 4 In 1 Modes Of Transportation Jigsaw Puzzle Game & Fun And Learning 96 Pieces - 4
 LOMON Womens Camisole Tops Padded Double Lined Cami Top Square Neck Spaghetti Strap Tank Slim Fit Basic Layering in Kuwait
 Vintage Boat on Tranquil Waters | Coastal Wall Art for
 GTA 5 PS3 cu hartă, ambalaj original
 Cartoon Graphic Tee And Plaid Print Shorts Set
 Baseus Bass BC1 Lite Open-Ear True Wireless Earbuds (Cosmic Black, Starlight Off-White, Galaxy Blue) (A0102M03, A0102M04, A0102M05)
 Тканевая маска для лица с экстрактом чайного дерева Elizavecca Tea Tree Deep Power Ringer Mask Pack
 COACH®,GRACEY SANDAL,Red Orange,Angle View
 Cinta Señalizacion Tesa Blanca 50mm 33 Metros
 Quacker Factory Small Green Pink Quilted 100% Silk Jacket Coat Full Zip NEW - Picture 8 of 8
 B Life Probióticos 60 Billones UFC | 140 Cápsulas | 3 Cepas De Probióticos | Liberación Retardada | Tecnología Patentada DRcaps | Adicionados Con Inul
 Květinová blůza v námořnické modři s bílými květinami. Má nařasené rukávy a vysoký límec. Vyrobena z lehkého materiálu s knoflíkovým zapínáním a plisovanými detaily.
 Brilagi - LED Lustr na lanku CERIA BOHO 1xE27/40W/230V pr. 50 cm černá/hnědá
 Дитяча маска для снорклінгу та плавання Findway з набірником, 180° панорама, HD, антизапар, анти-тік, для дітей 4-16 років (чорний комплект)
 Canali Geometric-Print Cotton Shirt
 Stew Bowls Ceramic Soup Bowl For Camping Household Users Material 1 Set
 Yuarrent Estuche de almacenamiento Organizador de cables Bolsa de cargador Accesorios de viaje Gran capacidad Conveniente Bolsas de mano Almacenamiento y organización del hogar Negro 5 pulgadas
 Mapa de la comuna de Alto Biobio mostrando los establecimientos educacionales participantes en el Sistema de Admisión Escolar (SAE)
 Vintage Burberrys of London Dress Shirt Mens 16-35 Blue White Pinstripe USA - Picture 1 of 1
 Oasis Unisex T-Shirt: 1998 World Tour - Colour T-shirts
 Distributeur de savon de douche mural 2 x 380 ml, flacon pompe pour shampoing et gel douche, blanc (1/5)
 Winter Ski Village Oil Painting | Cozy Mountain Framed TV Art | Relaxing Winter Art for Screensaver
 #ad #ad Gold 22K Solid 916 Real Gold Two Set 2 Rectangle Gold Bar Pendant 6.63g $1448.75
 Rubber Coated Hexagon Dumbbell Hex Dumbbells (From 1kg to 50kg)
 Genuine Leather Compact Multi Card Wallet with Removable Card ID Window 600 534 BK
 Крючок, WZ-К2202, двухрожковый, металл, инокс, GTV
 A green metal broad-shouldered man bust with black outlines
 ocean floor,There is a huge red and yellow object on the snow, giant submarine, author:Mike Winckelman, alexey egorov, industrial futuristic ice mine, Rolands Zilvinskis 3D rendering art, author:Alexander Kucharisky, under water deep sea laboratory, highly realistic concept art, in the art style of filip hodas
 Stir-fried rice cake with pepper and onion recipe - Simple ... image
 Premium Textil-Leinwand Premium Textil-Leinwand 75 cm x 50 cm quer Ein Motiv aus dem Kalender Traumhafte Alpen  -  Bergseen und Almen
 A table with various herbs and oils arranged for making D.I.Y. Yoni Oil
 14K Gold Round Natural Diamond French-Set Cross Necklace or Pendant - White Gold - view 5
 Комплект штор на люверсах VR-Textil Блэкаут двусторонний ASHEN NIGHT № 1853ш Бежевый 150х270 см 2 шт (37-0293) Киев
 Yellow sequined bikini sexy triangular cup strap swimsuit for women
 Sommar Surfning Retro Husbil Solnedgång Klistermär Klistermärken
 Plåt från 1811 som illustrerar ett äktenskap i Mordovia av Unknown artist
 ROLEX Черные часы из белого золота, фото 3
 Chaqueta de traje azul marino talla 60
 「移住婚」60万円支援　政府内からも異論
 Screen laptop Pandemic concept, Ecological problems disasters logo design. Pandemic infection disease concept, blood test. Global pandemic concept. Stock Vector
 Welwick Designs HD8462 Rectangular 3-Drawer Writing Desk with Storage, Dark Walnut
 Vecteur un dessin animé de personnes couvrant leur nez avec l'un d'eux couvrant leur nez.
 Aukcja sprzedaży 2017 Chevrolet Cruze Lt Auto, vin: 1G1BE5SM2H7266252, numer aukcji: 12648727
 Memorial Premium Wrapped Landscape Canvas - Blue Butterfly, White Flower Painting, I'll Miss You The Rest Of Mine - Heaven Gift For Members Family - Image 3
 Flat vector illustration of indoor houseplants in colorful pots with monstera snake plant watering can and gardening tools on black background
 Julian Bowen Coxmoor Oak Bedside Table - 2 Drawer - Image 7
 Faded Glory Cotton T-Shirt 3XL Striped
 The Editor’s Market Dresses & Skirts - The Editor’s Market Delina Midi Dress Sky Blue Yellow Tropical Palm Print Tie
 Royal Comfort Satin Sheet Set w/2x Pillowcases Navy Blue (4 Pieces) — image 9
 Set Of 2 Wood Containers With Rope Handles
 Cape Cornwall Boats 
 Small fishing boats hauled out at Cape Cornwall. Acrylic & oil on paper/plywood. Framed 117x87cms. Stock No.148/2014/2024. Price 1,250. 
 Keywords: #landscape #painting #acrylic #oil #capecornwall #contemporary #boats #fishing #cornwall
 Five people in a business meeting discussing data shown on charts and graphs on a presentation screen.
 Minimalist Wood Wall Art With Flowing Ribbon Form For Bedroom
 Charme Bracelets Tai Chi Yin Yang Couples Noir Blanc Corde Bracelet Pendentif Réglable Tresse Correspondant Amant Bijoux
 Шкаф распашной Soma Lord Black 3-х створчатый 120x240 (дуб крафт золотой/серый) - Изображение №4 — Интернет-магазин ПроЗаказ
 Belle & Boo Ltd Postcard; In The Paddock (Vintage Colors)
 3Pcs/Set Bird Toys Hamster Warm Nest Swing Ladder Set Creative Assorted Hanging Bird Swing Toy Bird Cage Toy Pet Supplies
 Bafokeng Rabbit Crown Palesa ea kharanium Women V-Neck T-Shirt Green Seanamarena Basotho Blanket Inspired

■ ■ ■ ■ ■

Activity: Copy each entry exactly, with nothing added or dropped.

Task answer:
 4 In 1 Modes Of Transportation Jigsaw Puzzle Game & Fun And Learning 96 Pieces - 4
 LOMON Womens Camisole Tops Padded Double Lined Cami Top Square Neck Spaghetti Strap Tank Slim Fit Basic Layering in Kuwait
 Vintage Boat on Tranquil Waters | Coastal Wall Art for
 GTA 5 PS3 cu hartă, ambalaj original
 Cartoon Graphic Tee And Plaid Print Shorts Set
 Baseus Bass BC1 Lite Open-Ear True Wireless Earbuds (Cosmic Black, Starlight Off-White, Galaxy Blue) (A0102M03, A0102M04, A0102M05)
 Тканевая маска для лица с экстрактом чайного дерева Elizavecca Tea Tree Deep Power Ringer Mask Pack
 COACH®,GRACEY SANDAL,Red Orange,Angle View
 Cinta Señalizacion Tesa Blanca 50mm 33 Metros
 Quacker Factory Small Green Pink Quilted 100% Silk Jacket Coat Full Zip NEW - Picture 8 of 8
 B Life Probióticos 60 Billones UFC | 140 Cápsulas | 3 Cepas De Probióticos | Liberación Retardada | Tecnología Patentada DRcaps | Adicionados Con Inul
 Květinová blůza v námořnické modři s bílými květinami. Má nařasené rukávy a vysoký límec. Vyrobena z lehkého materiálu s knoflíkovým zapínáním a plisovanými detaily.
 Brilagi - LED Lustr na lanku CERIA BOHO 1xE27/40W/230V pr. 50 cm černá/hnědá
 Дитяча маска для снорклінгу та плавання Findway з набірником, 180° панорама, HD, антизапар, анти-тік, для дітей 4-16 років (чорний комплект)
 Canali Geometric-Print Cotton Shirt
 Stew Bowls Ceramic Soup Bowl For Camping Household Users Material 1 Set
 Yuarrent Estuche de almacenamiento Organizador de cables Bolsa de cargador Accesorios de viaje Gran capacidad Conveniente Bolsas de mano Almacenamiento y organización del hogar Negro 5 pulgadas
 Mapa de la comuna de Alto Biobio mostrando los establecimientos educacionales participantes en el Sistema de Admisión Escolar (SAE)
 Vintage Burberrys of London Dress Shirt Mens 16-35 Blue White Pinstripe USA - Picture 1 of 1
 Oasis Unisex T-Shirt: 1998 World Tour - Colour T-shirts
 Distributeur de savon de douche mural 2 x 380 ml, flacon pompe pour shampoing et gel douche, blanc (1/5)
 Winter Ski Village Oil Painting | Cozy Mountain Framed TV Art | Relaxing Winter Art for Screensaver
 #ad #ad Gold 22K Solid 916 Real Gold Two Set 2 Rectangle Gold Bar Pendant 6.63g $1448.75
 Rubber Coated Hexagon Dumbbell Hex Dumbbells (From 1kg to 50kg)
 Genuine Leather Compact Multi Card Wallet with Removable Card ID Window 600 534 BK
 Крючок, WZ-К2202, двухрожковый, металл, инокс, GTV
 A green metal broad-shouldered man bust with black outlines
 ocean floor,There is a huge red and yellow object on the snow, giant submarine, author:Mike Winckelman, alexey egorov, industrial futuristic ice mine, Rolands Zilvinskis 3D rendering art, author:Alexander Kucharisky, under water deep sea laboratory, highly realistic concept art, in the art style of filip hodas
 Stir-fried rice cake with pepper and onion recipe - Simple ... image
 Premium Textil-Leinwand Premium Textil-Leinwand 75 cm x 50 cm quer Ein Motiv aus dem Kalender Traumhafte Alpen  -  Bergseen und Almen
 A table with various herbs and oils arranged for making D.I.Y. Yoni Oil
 14K Gold Round Natural Diamond French-Set Cross Necklace or Pendant - White Gold - view 5
 Комплект штор на люверсах VR-Textil Блэкаут двусторонний ASHEN NIGHT № 1853ш Бежевый 150х270 см 2 шт (37-0293) Киев
 Yellow sequined bikini sexy triangular cup strap swimsuit for women
 Sommar Surfning Retro Husbil Solnedgång Klistermär Klistermärken
 Plåt från 1811 som illustrerar ett äktenskap i Mordovia av Unknown artist
 ROLEX Черные часы из белого золота, фото 3
 Chaqueta de traje azul marino talla 60
 「移住婚」60万円支援　政府内からも異論
 Screen laptop Pandemic concept, Ecological problems disasters logo design. Pandemic infection disease concept, blood test. Global pandemic concept. Stock Vector
 Welwick Designs HD8462 Rectangular 3-Drawer Writing Desk with Storage, Dark Walnut
 Vecteur un dessin animé de personnes couvrant leur nez avec l'un d'eux couvrant leur nez.
 Aukcja sprzedaży 2017 Chevrolet Cruze Lt Auto, vin: 1G1BE5SM2H7266252, numer aukcji: 12648727
 Memorial Premium Wrapped Landscape Canvas - Blue Butterfly, White Flower Painting, I'll Miss You The Rest Of Mine - Heaven Gift For Members Family - Image 3
 Flat vector illustration of indoor houseplants in colorful pots with monstera snake plant watering can and gardening tools on black background
 Julian Bowen Coxmoor Oak Bedside Table - 2 Drawer - Image 7
 Faded Glory Cotton T-Shirt 3XL Striped
 The Editor’s Market Dresses & Skirts - The Editor’s Market Delina Midi Dress Sky Blue Yellow Tropical Palm Print Tie
 Royal Comfort Satin Sheet Set w/2x Pillowcases Navy Blue (4 Pieces) — image 9
 Set Of 2 Wood Containers With Rope Handles
 Cape Cornwall Boats 
 Small fishing boats hauled out at Cape Cornwall. Acrylic & oil on paper/plywood. Framed 117x87cms. Stock No.148/2014/2024. Price 1,250. 
 Keywords: #landscape #painting #acrylic #oil #capecornwall #contemporary #boats #fishing #cornwall
 Five people in a business meeting discussing data shown on charts and graphs on a presentation screen.
 Minimalist Wood Wall Art With Flowing Ribbon Form For Bedroom
 Charme Bracelets Tai Chi Yin Yang Couples Noir Blanc Corde Bracelet Pendentif Réglable Tresse Correspondant Amant Bijoux
 Шкаф распашной Soma Lord Black 3-х створчатый 120x240 (дуб крафт золотой/серый) - Изображение №4 — Интернет-магазин ПроЗаказ
 Belle & Boo Ltd Postcard; In The Paddock (Vintage Colors)
 3Pcs/Set Bird Toys Hamster Warm Nest Swing Ladder Set Creative Assorted Hanging Bird Swing Toy Bird Cage Toy Pet Supplies
 Bafokeng Rabbit Crown Palesa ea kharanium Women V-Neck T-Shirt Green Seanamarena Basotho Blanket Inspired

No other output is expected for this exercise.